Courage isn’t really about rewards. It may be planned or impulsive; it may come as a surprise to the courageous person. It may inspire others to be courageous, or simply inspire with the vision of what this rare quality looks like.
The courage required for such defiance is the salient point. Antigone tells Creon that her fellow citizens would speak of their agreement with her act of defiance “if their lips were not sealed by fear.”
“In that view you differ from all these Thebans,” says Creon.
No, answers Antigone: “They also share it, but they curb their tongues for you.”
As Antigone points out to Creon, the silence of the cowed Theban populace is not exactly a ringing endorsement of his edict.
‘To Show No Fear’
In Euripides’ Iphigenia in Aulis, the heroine’s father, Agamemnon, decides Iphigenia’s life is more expendable than his ability to lead the Greek army to military victory. Once he has resolved that his daughter must be sacrificed, Agamemnon summons Iphigenia and his wife Clytemnestra to Aulis, where he claims his daughter will marry Achilles. But a distinctly nonmarital altar awaits the trusting young girl.
Part of the thoroughgoing irony of this play lies in the failure of Clytemnestra and Achilles, despite their promises and protestations, to protect the innocent Iphigenia, whose initial horror gives way to a desperate resolve: She has more courage than her mother or Achilles, let alone than her father. Iphigenia finally goes off willingly to be sacrificed.
I must die.
I have to die.
But to die gloriously,
to step free
of lowborn cowardice,
not to be base,
to show no fear –
that is what I wish …
Oh sun that lights the day,
I move now to another life,
to a different fate.
Goodbye, beloved light.
A striking theme is Agamemnon’s refusal to be transparent about the crisis even after Clytemnestra confronts him. He feels for his daughter, but mostly he feels for himself; it’s finally all about him. Agamemnon’s brother Menelaus articulates Agememnon’s character best, as he recalls Agamemnon’s rationalization of the decision to sacrifice Iphigenia:
God forbid …
that you should lose your power and command,
honor, glory, fame, your burnished name.
Agamemnon feels above all self-pity:
I’m cornered, trapped, yoked,
a crafty demon’s prey.
Some dire divinity
has outwitted me.
Later in the play, Agamemnon seems to yield up all power and simply acquiesce to the situation:
No, it’s not a choice. It’s obligation. …
Willing, unwilling – it’s now out of my hands.
If Agamemnon had a phone, it’s easy to imagine him staring at it, refusing to look up, refusing to listen.

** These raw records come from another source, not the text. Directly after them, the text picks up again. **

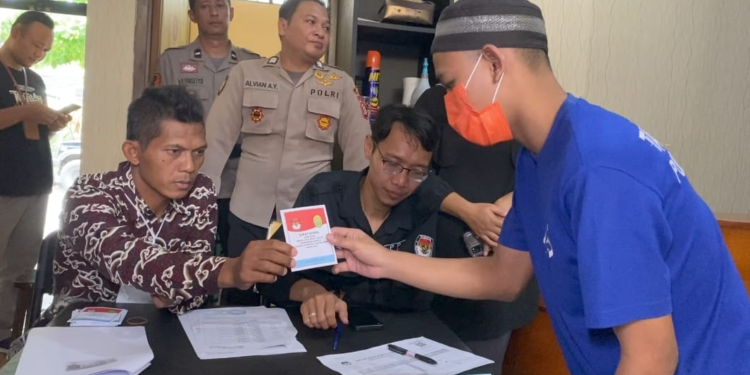Proses Pemungutan Suara di TPS yang di ikuti oleh para tahanan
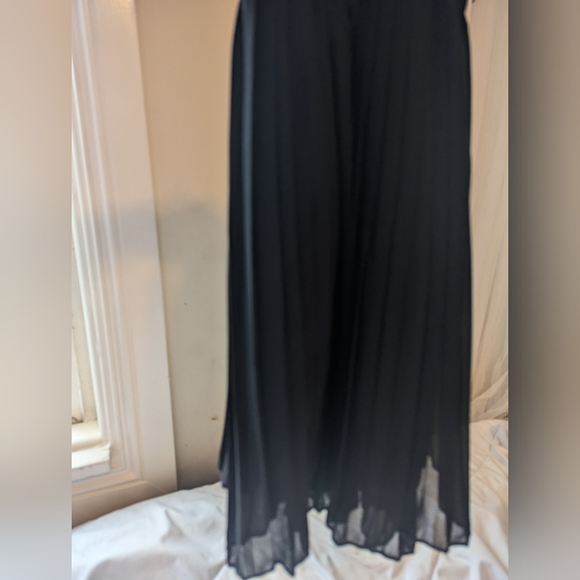 Women's medium pleated skirt - Picture 6 of 6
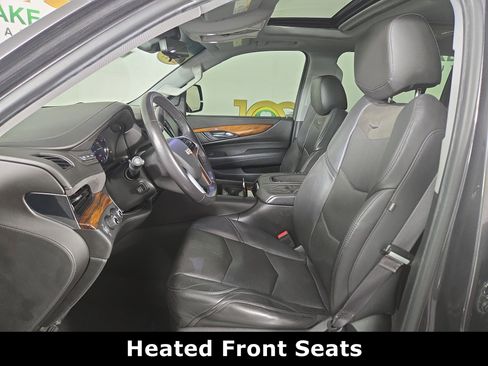 Used 2017 Cadillac Escalade ESV Luxury image 11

The ending of Iphigenia in Aulis has Iphigenia spirited away by a goddess, while a deer takes her place on the altar and is sacrificed instead of the girl. But many readers have found this solution purposefully unconvincing and ironic, and the text may be unclear. We’re certainly invited to imagine a more dire outcome.
However you imagine the end of this story, a constant seems to be that Agamemnon cannot bear to watch, to see. A mosaic from Pompeii shows him muffling his face in his mantle. The Chorus in Aeschylus’ “Agamemnon” describes the sacrifice right up to the climactic moment, and then they, too, flinch: “What happened next I did not see and will not say.”
A 1977 film version by director Michalis Cacoyannis concludes with Agamemnon staring in horror at something we ultimately cannot see, as a terrifying black-robed prophet grabs the girl, while smoke billows around the altar and obscures the view.
Agamemnon seems paralyzed, helpless to act. In the French tragedian Racine’s 17th-century version of the tragedy, as well as in Euripides, the onlookers all stare at the ground.
If they had phones, that’s where they’d be looking.